##### Input records #####

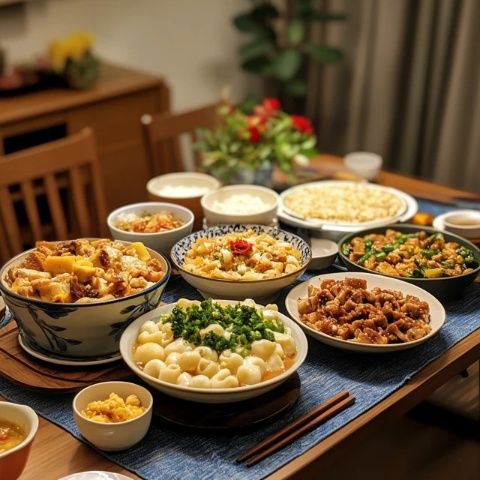 營(yíng)養(yǎng)師騎行開封探索古都美食文化:灌湯包、燴菜、羊肉炕饃與黃燜魚的食養(yǎng)之旅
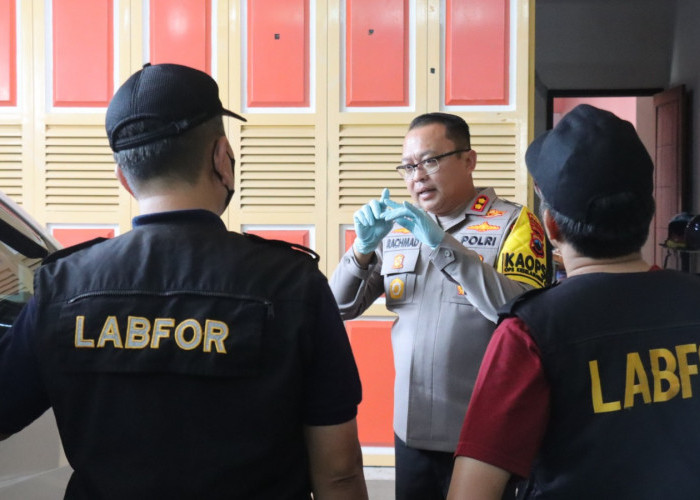 Update Penembakan di Pekalongan! Polisi Periksa CCTV dan Proyektil Peluru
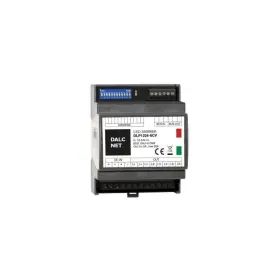 DLP1224-6CV-DMX W4S Din Rail Voltage Led Dimmer Dmx
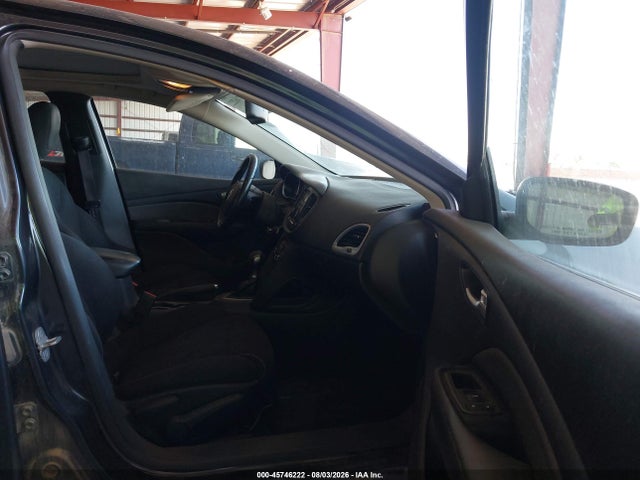 45746222 :رقم المزاد ، 1C3CDFBA9DD319409 vin ، 2013 Dodge Dart Sxt مزاد بيع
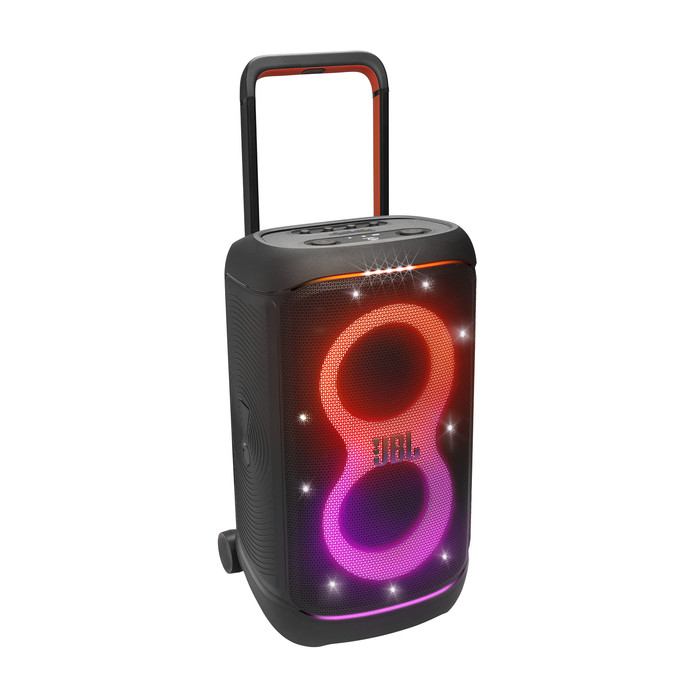 JBL PartyBox 520 Black front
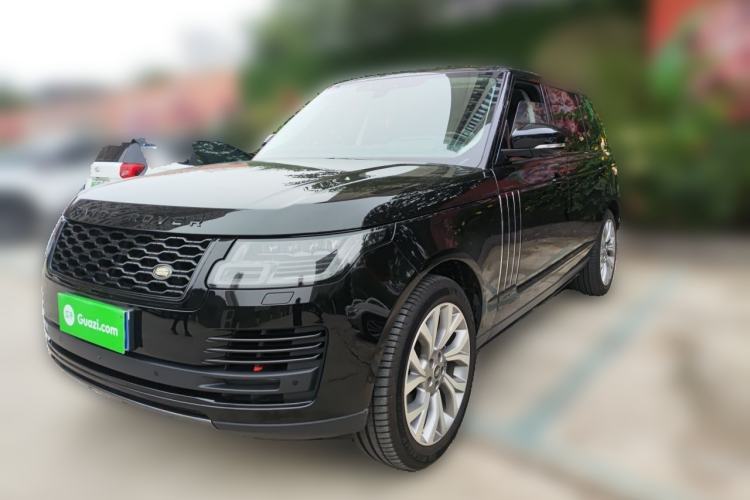 Used Land Rover Range 2021 3.0 L6 Century Extended Classic Edition Guazi used car, China used car export, Used car for sale, Used  cars, Cheapest cars for sale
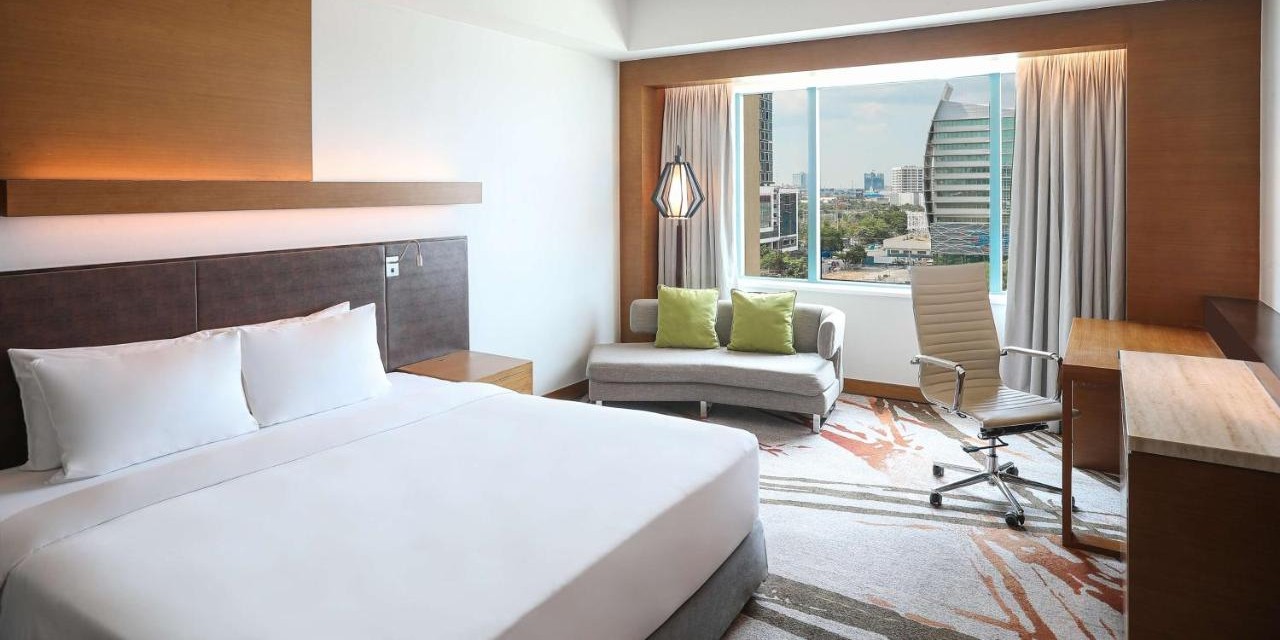 Radisson Blu Cebu — photo 2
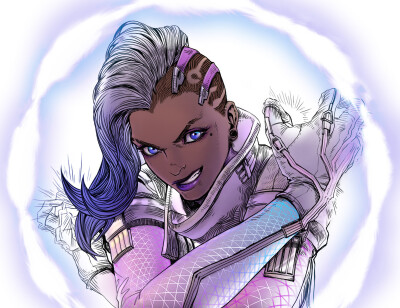 Sombra 黑影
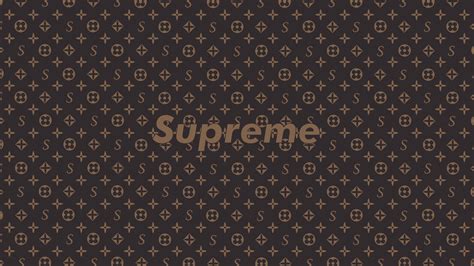 supreme x louis vuitton monogram brown|supreme x louis vuitton diamond.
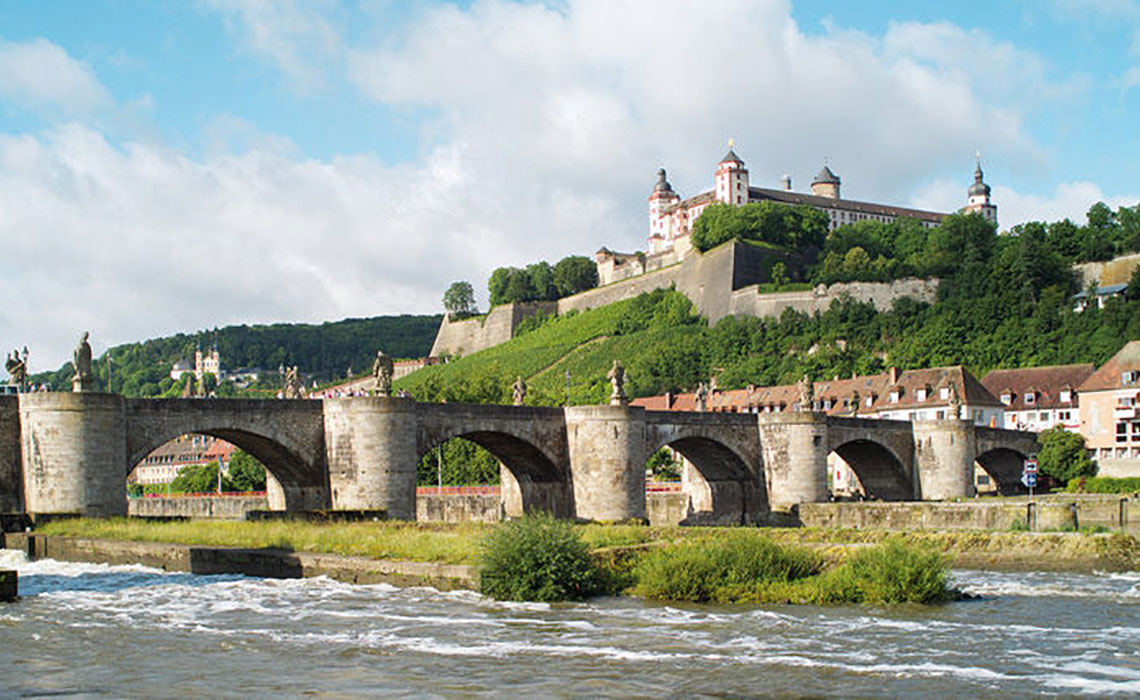 Landesgartenschau Würzburg 2018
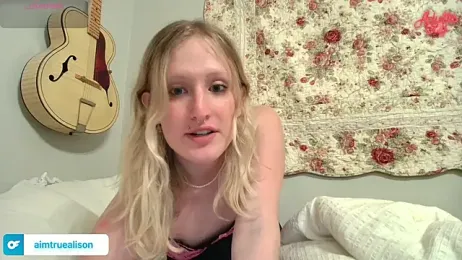 goddessalison webcam stripchat model stream image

#####

• _The problem_: Word-for-word restatement: every line from the one with "Radisson Blu Cebu — photo 2" through the final line of the data, both ends included, pictures excluded.

• _Answer area_:
 Radisson Blu Cebu — photo 2
 Sombra 黑影
 supreme x louis vuitton monogram brown|supreme x louis vuitton diamond.
 Landesgartenschau Würzburg 2018
 goddessalison webcam stripchat model stream image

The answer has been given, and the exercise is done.